Bajo esta misma lógica de análisis contemporáneo, se indica que nueve personajes de telenovelas mexicanas serían ‘cancelados’ en la actualidad por actitudes tóxicas, abuso de poder, manipulación emocional y otras conductas cuestionables. Estos contrastes resaltan la evolución en la percepción de los roles y relaciones representadas en la ficción mexicana.
Por otro lado, en el terreno de las producciones religiosas, la telenovela bíblica ‘Moisés y los Diez Mandamientos’, estrenada en 2015, cuenta con 242 episodios de aproximadamente 50 minutos cada uno. Esta serie está disponible para el público en plataformas como Netflix, Prime Video, Samsung TV+, Canela TV y YouTube.
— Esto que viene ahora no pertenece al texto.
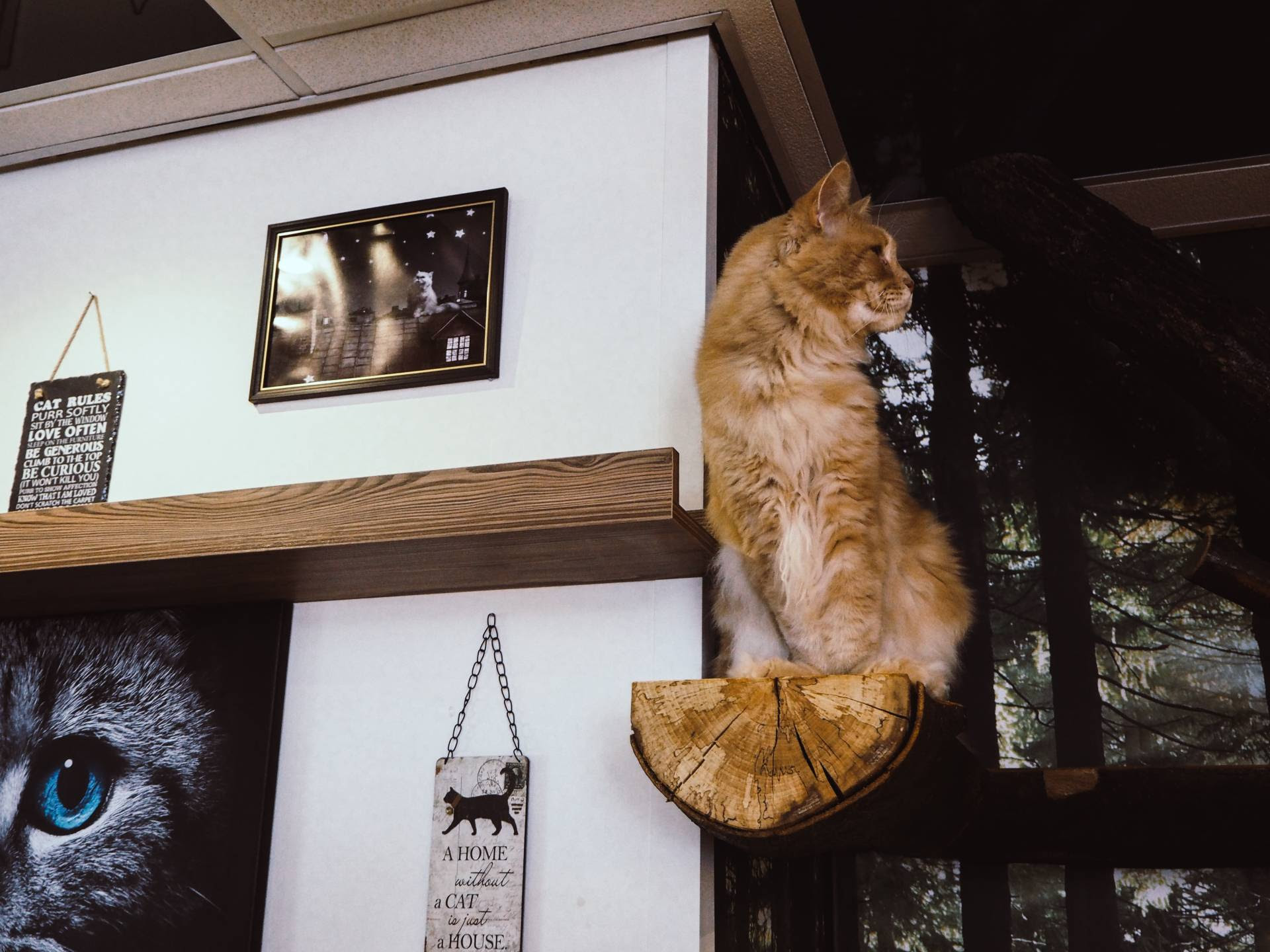 Kitty Cafe  Nottingham STRANGENESS CHARM Birmingham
En un evento relacionado con la memoria histórica, el secretario de Educación Pública, Mario Delgado Carrillo, inauguró la exposición virtual ‘Las mujeres y la escuela secundaria. Patrimonio histórico escolar en femenino’. La muestra reúne 100 objetos del patrimonio histórico escolar y 250 microrrelatos escritos por mujeres sobre su paso por la escuela secundaria.
Al respecto de la inauguración, Noemí Juárez Pérez declaró: “son los que dan vida a la Nueva Escuela Mexicana y a la historia de la educación en nuestro país; si bien los objetos por sí mismos no cuentan historias, somos nosotros quienes se las damos”.